### [To do]
From the records below, output exactly the lines running from the line containing "Pomo de puerta clásico en latón dorado" through the line containing "Volvo V90 D5 AWD Geartronic Inscription - 29", and no others.

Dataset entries
--- START ---

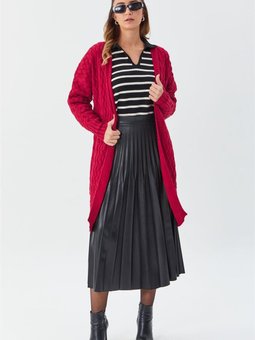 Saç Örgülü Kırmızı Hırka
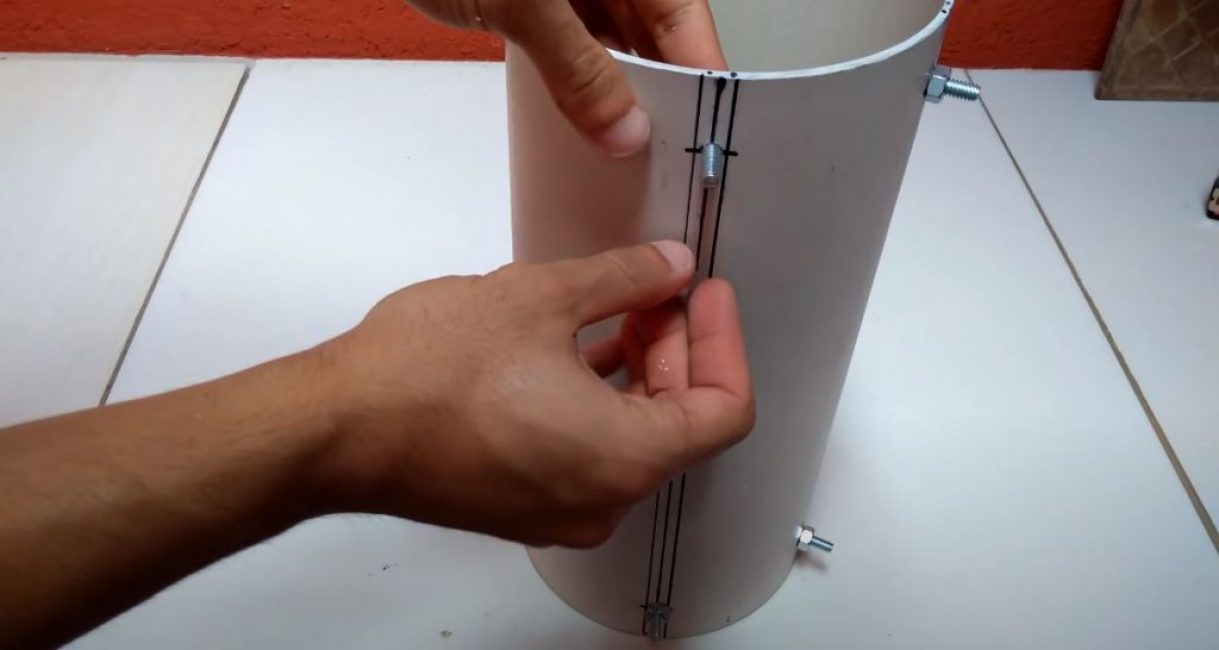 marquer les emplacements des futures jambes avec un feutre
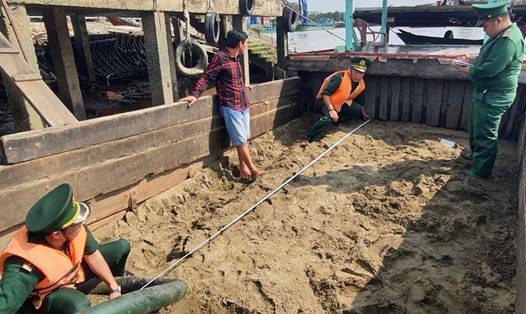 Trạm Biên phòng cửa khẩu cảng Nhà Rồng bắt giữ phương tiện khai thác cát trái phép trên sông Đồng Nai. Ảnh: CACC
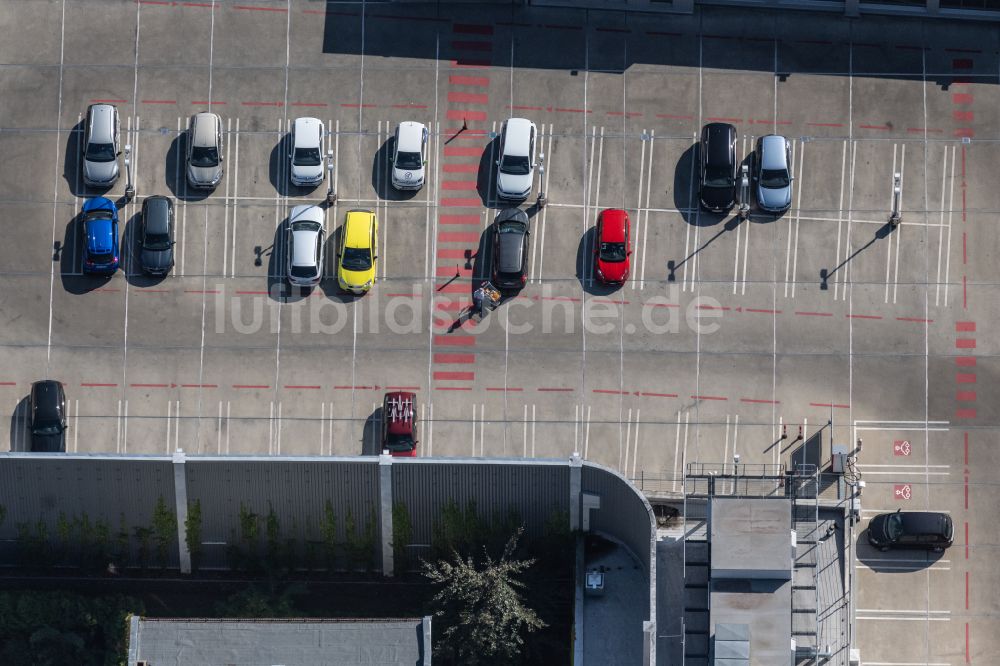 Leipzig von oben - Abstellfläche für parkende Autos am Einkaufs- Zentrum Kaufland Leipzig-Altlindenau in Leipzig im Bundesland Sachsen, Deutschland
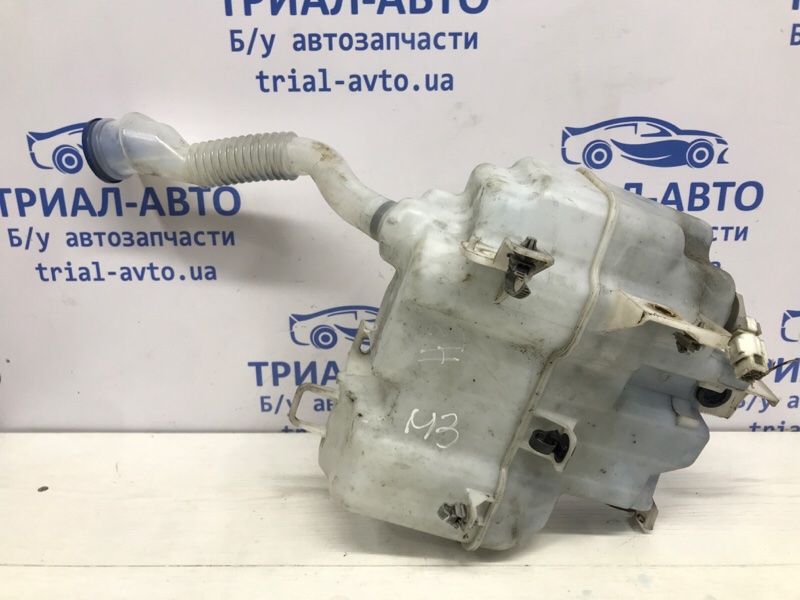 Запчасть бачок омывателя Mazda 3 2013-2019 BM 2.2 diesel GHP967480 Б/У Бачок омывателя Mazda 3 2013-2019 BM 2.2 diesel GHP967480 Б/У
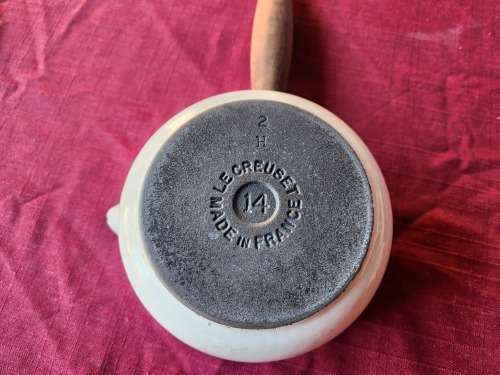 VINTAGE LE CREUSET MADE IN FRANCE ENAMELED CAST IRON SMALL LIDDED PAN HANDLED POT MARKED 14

--- END ---
--- START ---

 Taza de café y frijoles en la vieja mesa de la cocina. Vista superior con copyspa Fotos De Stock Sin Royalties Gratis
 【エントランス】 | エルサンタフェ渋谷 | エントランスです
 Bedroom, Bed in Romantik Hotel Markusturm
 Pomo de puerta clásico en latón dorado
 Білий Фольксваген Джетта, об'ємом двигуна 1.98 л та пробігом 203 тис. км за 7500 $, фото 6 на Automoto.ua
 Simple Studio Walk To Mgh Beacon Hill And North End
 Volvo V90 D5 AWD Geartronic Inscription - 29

--- END ---
--- START ---

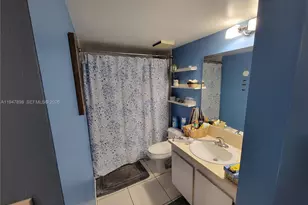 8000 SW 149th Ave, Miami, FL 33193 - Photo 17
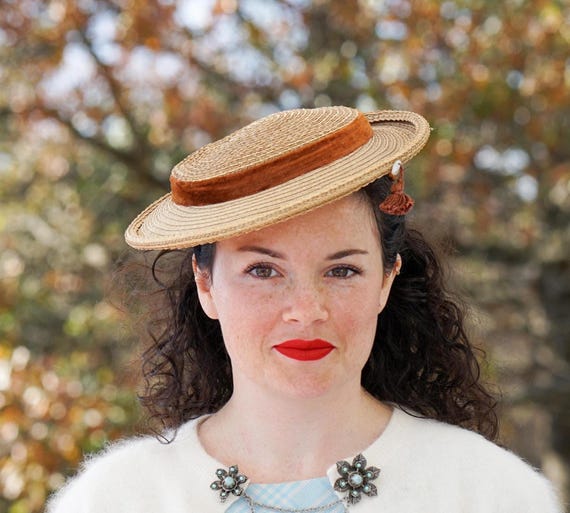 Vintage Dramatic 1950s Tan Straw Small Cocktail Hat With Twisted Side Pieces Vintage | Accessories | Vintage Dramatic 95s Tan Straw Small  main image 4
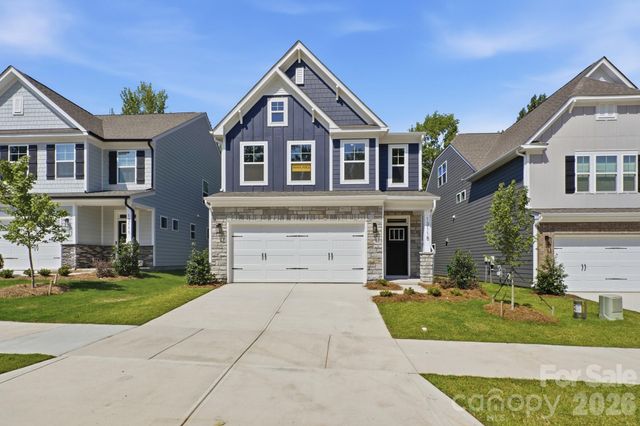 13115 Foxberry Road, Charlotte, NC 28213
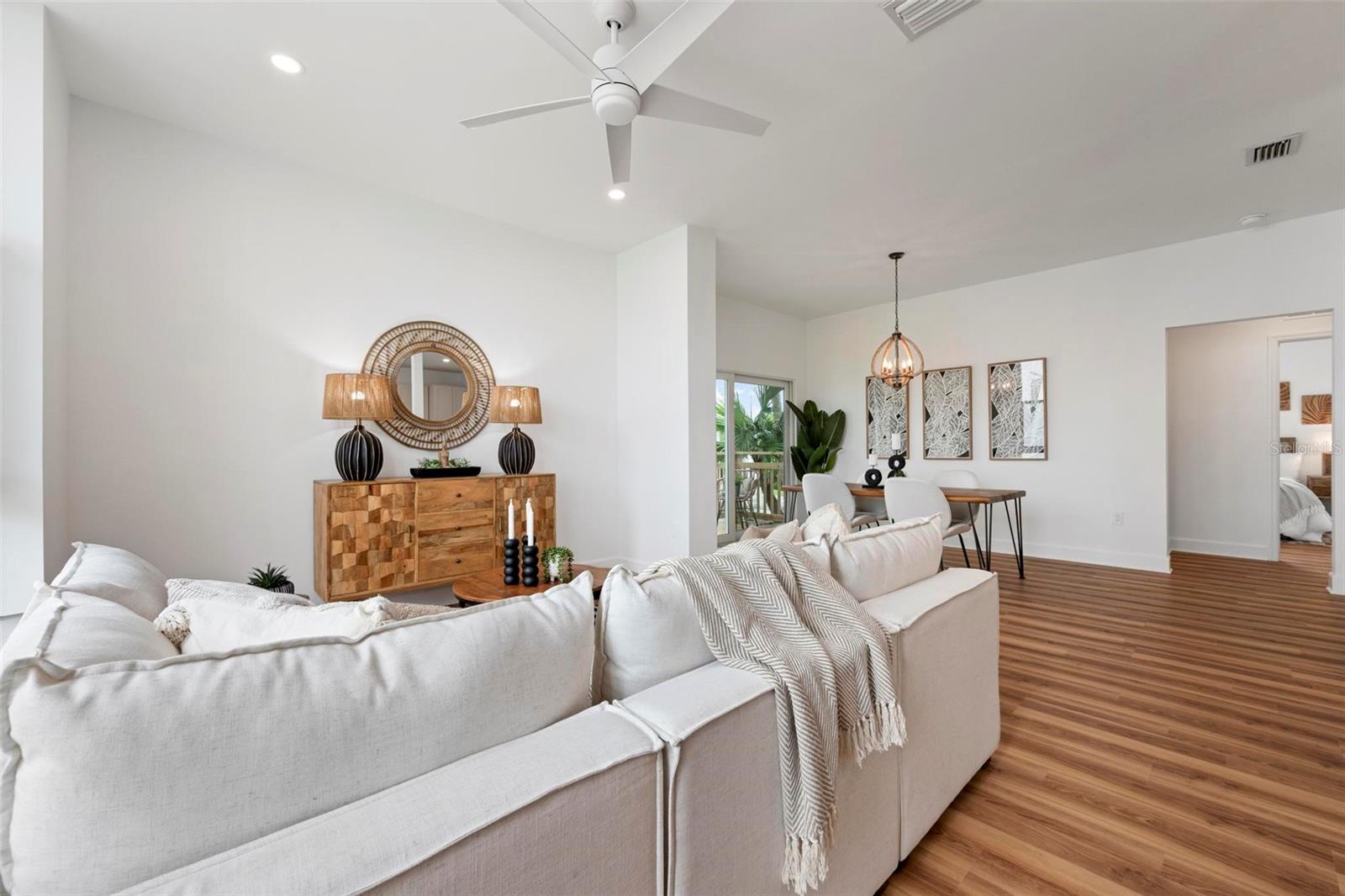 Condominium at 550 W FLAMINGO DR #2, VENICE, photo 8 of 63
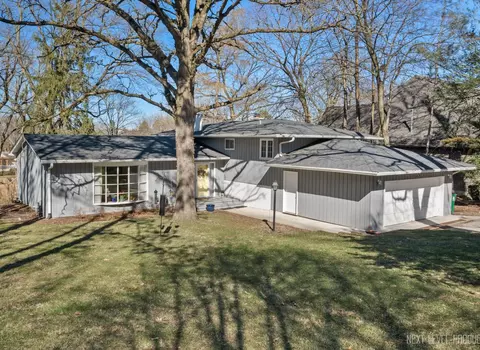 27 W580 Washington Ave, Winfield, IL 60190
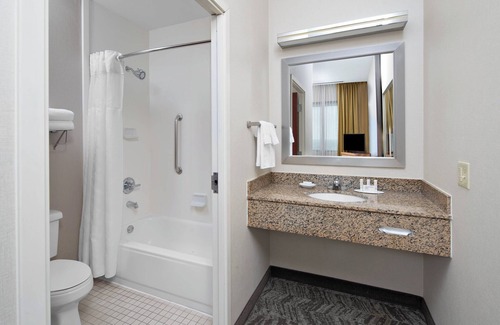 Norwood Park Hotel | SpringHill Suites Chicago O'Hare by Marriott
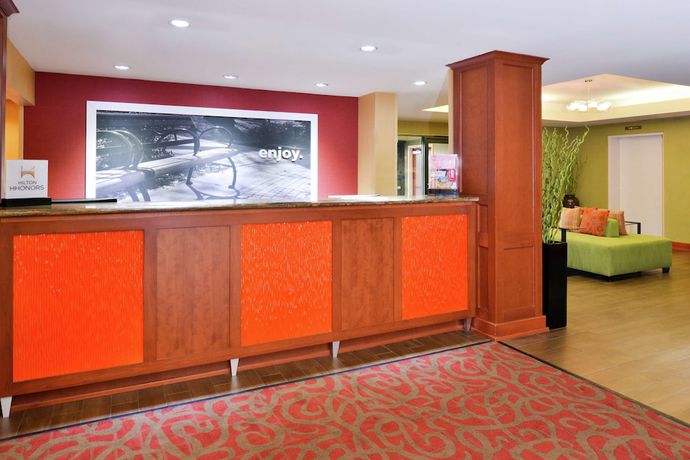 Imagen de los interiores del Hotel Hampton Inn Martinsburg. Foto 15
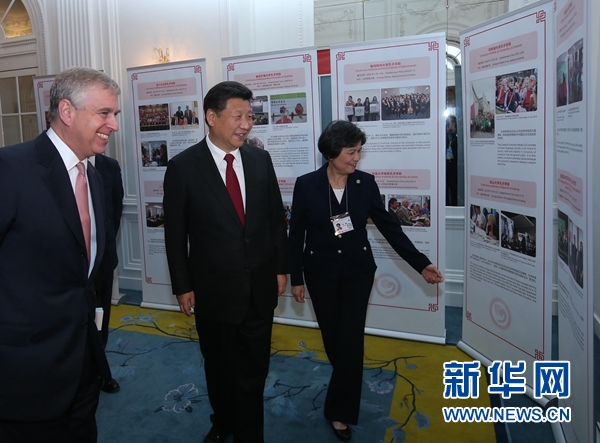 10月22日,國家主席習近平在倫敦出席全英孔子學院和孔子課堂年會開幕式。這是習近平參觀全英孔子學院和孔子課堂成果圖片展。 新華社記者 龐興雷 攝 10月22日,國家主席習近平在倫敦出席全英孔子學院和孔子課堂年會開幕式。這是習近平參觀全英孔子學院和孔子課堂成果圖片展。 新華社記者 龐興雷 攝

--- END ---

### [Output of the task]
 Pomo de puerta clásico en latón dorado
 Білий Фольксваген Джетта, об'ємом двигуна 1.98 л та пробігом 203 тис. км за 7500 $, фото 6 на Automoto.ua
 Simple Studio Walk To Mgh Beacon Hill And North End
 Volvo V90 D5 AWD Geartronic Inscription - 29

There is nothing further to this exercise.